From his refuge in the Scottish highlands, Wallace had heard of the battle at Berwick. He'd heard of Edward I's army as it marched into Scotland, trumpets blaring and drums pounding. He'd heard that Edward sat high on the hill overlooking the town as the blustery wind blew his beard, strewn with silvery grey whiskers, as his long hair whipped around his face. His mouth had been smiling but it was the smile of a man who wonders which bug to squash first. As the two armies clashed below, his chainmail shone and the evil smile spread further across his battle-weathered face, highlighted against the gleaming sun in a clear blue sky.

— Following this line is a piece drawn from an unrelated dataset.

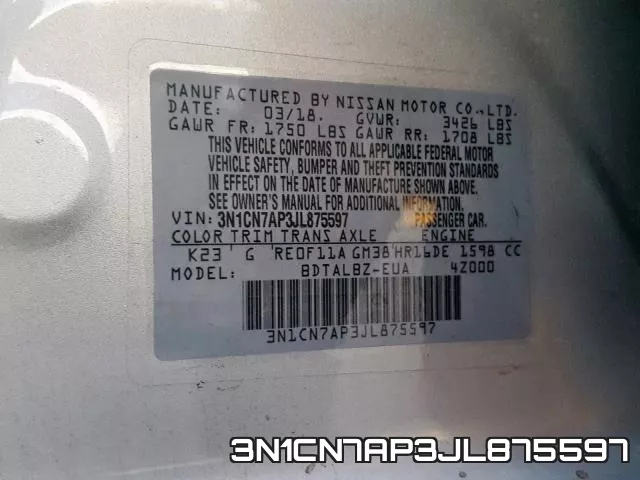 3N1CN7AP3JL875597 фото 2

Wallace had heard all the reports and he was seething. Berwick would never be the same, they said. For two days, blood had flowed from the slain and at the end of the battle, thousands of corpses were thrown like garbage down wells and into the sea.
Wallace had been holding back his raggedy army of men who had been itching for a fight and he wasn't about to hold them back another day. What they lacked in experience they made up for in cold-bloodedness and determination. He was about to show the English king what it was like to face a race of people who were fierce in the patriotism of their country and who wouldn't give up without a fight.
Edward should have left his grievance with France behind him. Instead, he returned to France and left John Warenne, Earl of Surrey as his commander in chief. On 11th September 1297, Warenne found himself face to face with Wallace on the other side of Stirling Bridge.
In hindsight, Warenne should have listened to his knights. Only one hour before, he’d watched as Wallace and his band of brigands glared at him from the other side of the bridge. He’d listened in silence as his officers urgently tried to convince him of the dangers of deploying across the bridge, especially with Wallace waiting on the other side. They argued that it would take eleven hours to move their entire army across the bridge. In that time, they would be open to attack and totally vulnerable. And what if Wallace met them halfway and attacked before the passage was complete?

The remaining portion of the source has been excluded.